_Source data_
•••
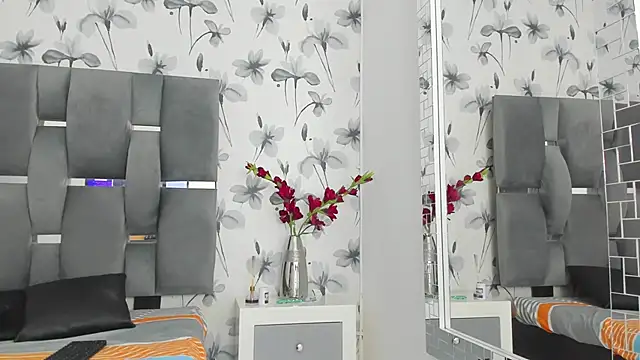 Ehotloveaxxx online show from October 12, 5:04 pm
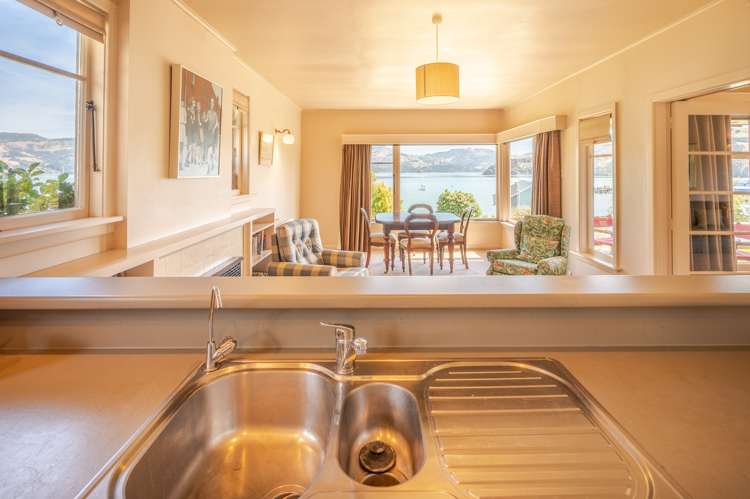 109 Beach Road Akaroa_11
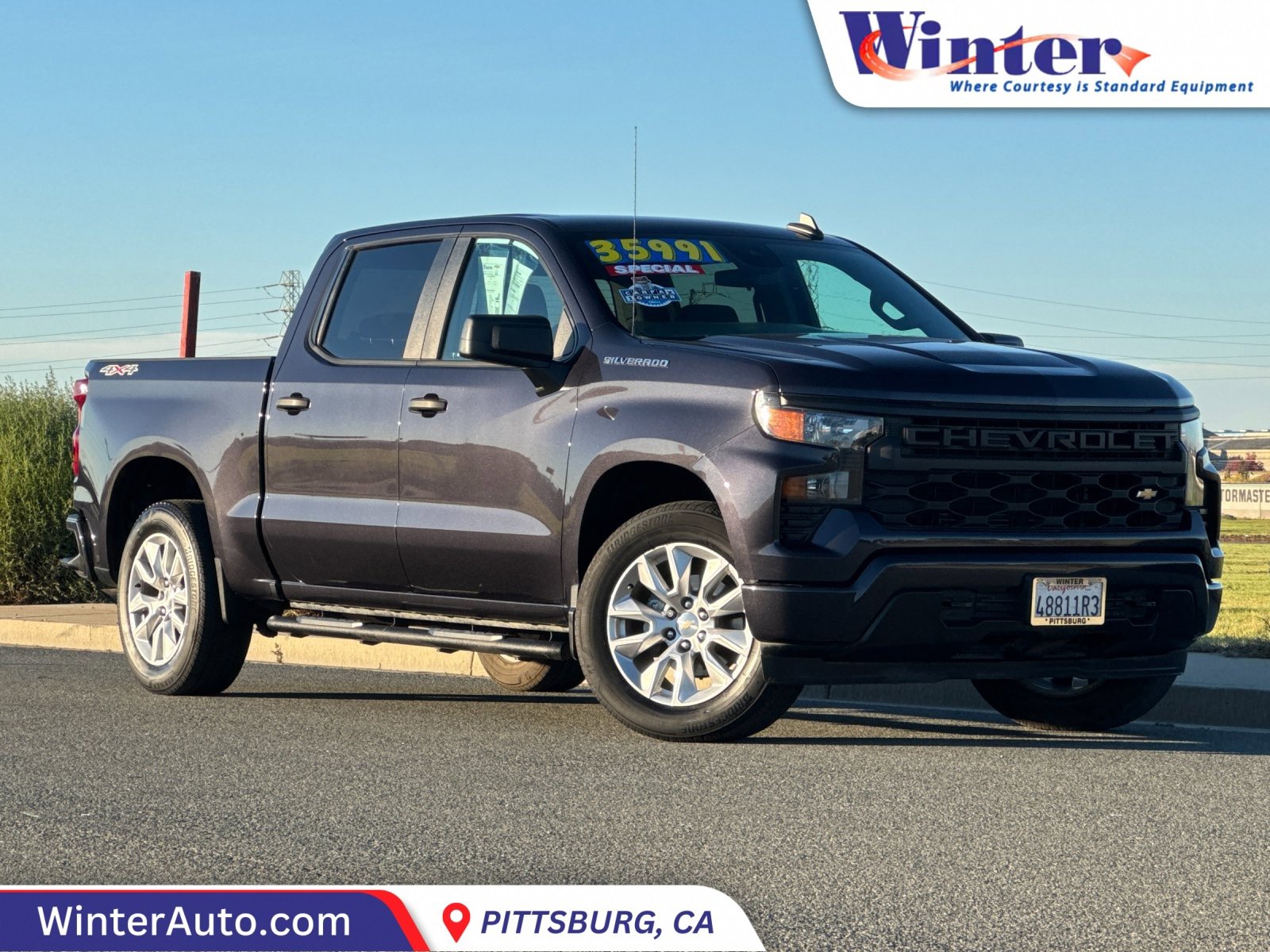Used 2022 Chevrolet Silverado 1500 Custom image 1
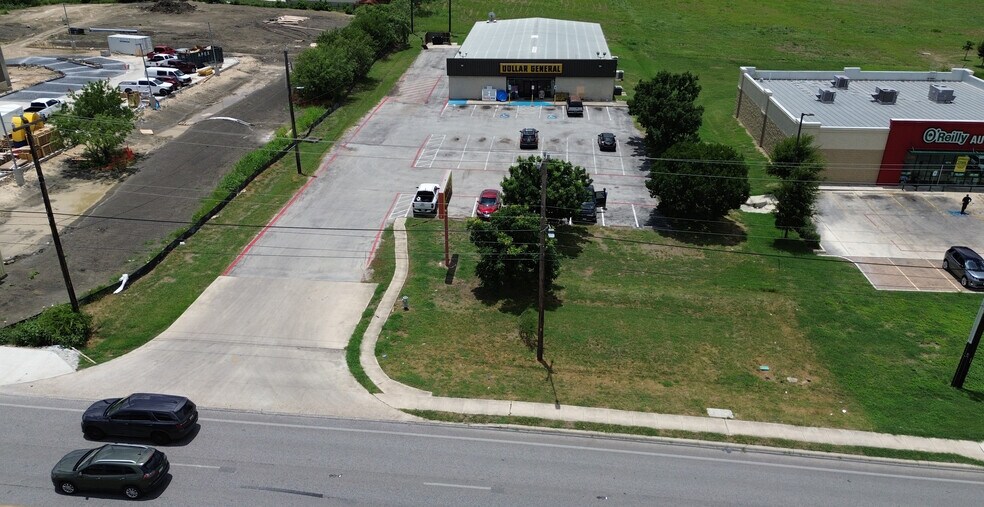 9664 Marbach Rd, San Antonio, TX à vendre - Photo du bâtiment - Image 3 de 4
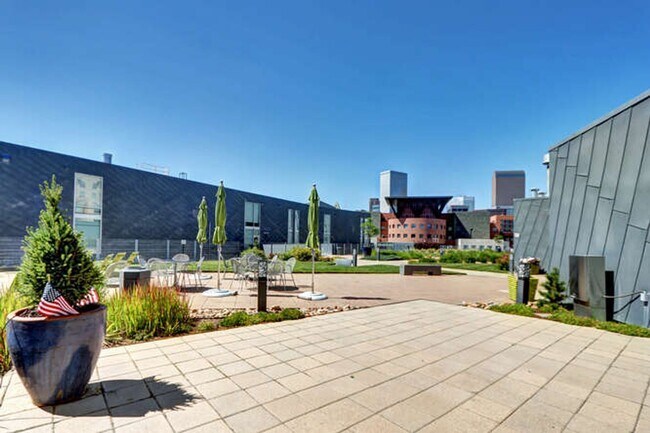 Building Photo - Denver Art Museum Penthouse Available NOW!!
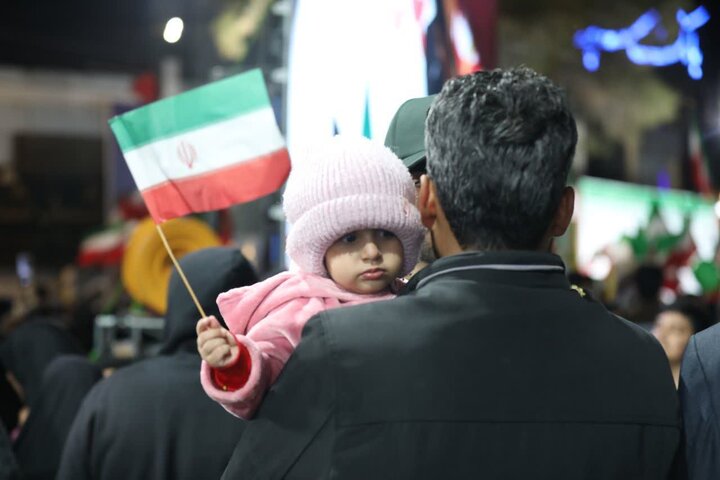 تصاویر/ تجمع شبانه در شهر رفسنجان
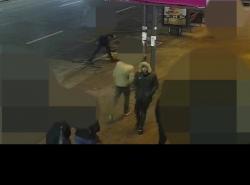 Polițiștii din București cer ajutorul cetățenilor pentru identificarea unui suspect de crimă. Un bărbat a fost înjunghiat mortal
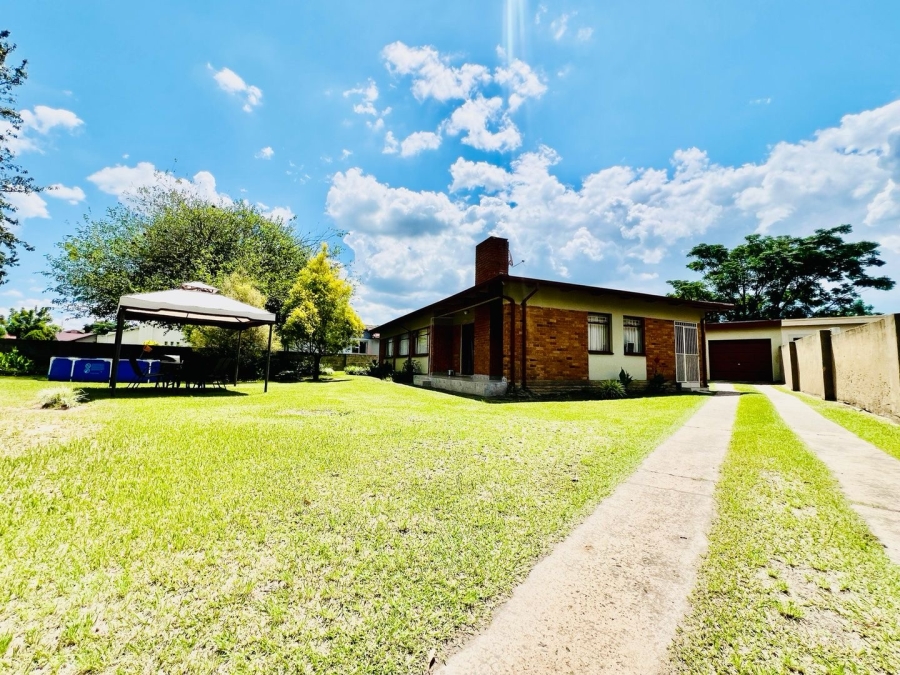 4 Bedroom Property for Sale in Amajuba Park KwaZulu-Natal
•••
_What you have to do_
Every line from the one containing "Used 2022 Chevrolet" through the last line of the listing must be written out again exactly, and no other line. Leave the pictures aside.

_Solution_
Used 2022 Chevrolet Silverado 1500 Custom image 1
 9664 Marbach Rd, San Antonio, TX à vendre - Photo du bâtiment - Image 3 de 4
 Building Photo - Denver Art Museum Penthouse Available NOW!!
 تصاویر/ تجمع شبانه در شهر رفسنجان
 Polițiștii din București cer ajutorul cetățenilor pentru identificarea unui suspect de crimă. Un bărbat a fost înjunghiat mortal
 4 Bedroom Property for Sale in Amajuba Park KwaZulu-Natal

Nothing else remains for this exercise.